Since it got off the ground last year, the JIO has approved
nearly $3.5 million in funding for 13 projects. Much of that funding —
more than $1.3 million — was awarded earlier this year for the purchase
of a conservation easement on 2,052 acres.
Dan Stroud, Wyoming Game and Fish's representative to the
interagency office, said it is "a little too early" to tell whether the
projects have been effective, but the office does plan to monitor their
effectiveness. One problem they have encountered so far is getting
funding for a baseline inventory. "Without knowing where you're at
right now, it's hard to know where you want to go and how to get
there," he said.
Linda Baker, local organizer for the Upper Green River Valley
Coalition, says the office is not doing a good job of looking at the
results of past projects. "We're throwing money at off-site mitigation
with no idea what's been done before and what has worked before and
what has not," she said.
"To say that off-site mitigation is going to offset the
impacts of on-site habitat fragmentation is to be completely unaware of
what's required," Baker added. "I don't think there's anybody in any of
the agencies or any of the oil and gas industry companies that know
what will work, how much money it will cost, how long it will take,
what species it will affect, and whether or not we have adequate
personnel to monitor, gather data, analyze data and report on all that
stuff. It's a totally haphazard process at this point, in my mind."
Sage grouse seen relocating
Development in the Jonah Field has been particularly
devastating for sage grouse, which have abandoned at least three
breeding areas, according to Baker.
Preserving sage grouse habitat is such an important issue for
hunting and conservation groups that Wyoming's governor recently
established a task force to deal with the issue. The panel's
recommendations, issued last month, call for curbing residential sprawl
and requiring mitigation measures to subdivision permits.

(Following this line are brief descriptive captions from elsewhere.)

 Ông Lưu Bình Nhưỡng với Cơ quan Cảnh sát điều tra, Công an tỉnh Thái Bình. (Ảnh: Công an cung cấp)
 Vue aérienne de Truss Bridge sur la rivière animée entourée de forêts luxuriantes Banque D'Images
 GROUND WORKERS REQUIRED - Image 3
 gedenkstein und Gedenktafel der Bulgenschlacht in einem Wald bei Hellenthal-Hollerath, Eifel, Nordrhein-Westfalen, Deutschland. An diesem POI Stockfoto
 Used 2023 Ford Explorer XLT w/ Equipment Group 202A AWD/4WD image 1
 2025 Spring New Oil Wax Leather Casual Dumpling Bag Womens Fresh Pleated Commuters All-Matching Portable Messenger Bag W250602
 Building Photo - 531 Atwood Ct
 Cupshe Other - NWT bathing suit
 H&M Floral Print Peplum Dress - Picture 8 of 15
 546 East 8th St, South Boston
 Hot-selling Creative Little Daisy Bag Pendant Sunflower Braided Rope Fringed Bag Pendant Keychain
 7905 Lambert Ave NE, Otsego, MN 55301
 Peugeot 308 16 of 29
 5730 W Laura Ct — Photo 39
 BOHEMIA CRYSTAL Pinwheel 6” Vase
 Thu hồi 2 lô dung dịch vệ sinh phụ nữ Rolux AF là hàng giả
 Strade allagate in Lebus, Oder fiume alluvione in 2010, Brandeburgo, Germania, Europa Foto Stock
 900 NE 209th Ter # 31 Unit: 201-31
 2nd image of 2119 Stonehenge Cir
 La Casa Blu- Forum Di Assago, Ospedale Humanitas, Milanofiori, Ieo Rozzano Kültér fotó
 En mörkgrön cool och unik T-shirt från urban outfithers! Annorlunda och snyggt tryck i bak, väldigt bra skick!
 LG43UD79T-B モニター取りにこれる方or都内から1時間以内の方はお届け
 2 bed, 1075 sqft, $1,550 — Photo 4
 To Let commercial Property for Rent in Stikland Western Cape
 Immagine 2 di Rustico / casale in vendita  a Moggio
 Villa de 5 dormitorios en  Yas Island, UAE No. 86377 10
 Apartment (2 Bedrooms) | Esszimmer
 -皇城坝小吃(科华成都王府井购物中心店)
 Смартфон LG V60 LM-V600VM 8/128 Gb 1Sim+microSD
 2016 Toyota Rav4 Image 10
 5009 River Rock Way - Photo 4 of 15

The team also
recommended that the state minimize the footprint of energy development
through mat drilling and drilling multiple wells from one pad. The
state should develop incentives such as tax exemptions, streamlined
permitting and stipulation exceptions to achieve this goal, the team
said (Land Letter, Sept. 27).
Paul Ulrich of EnCana said his company is doing all that it
can to reduce the effects of drilling. For example, the company is
fracing remotely rather than at each individual well, using natural
gas-fired engines at the well sites to reduce harmful air emissions and
using specially designed flowback units that eliminate the need to
flare gas.
Additionally, instead of blading off sage brush and scraping
roads and well pads, EnCana lays down 1.75 to 2 acres of wooden oak
mats on top of the native vegetation to help protect it. The company
has enough mats to cover 300 acres overall.
Nevertheless, Ulrich acknowledged that there are some effects
from the development at the Jonah Field. "The bottom line is this: As
much as we can do here on-site, we still have a short-term impact," he
said.
Because of those unavoidable impacts, EnCana decided to look
toward off-site mitigation. But first, Ulrich said, EnCana wanted to
know whether such mitigation would prove effective. To figure that out,
the company did an 1,800-acre, off-site mitigation project about 10
miles south of the field in cooperation with a local rancher, BLM and
Wyoming Game and Fish that involved reconstructing a defunct reservoir
and sagebrush enhancements.
Monitoring of the project has shown that off-site mitigation
can be successful, Ulrich said. "The reservoir this year looked
fantastic. It was providing much-needed water and everything associated
with enhanced water for wildlife down there," he said.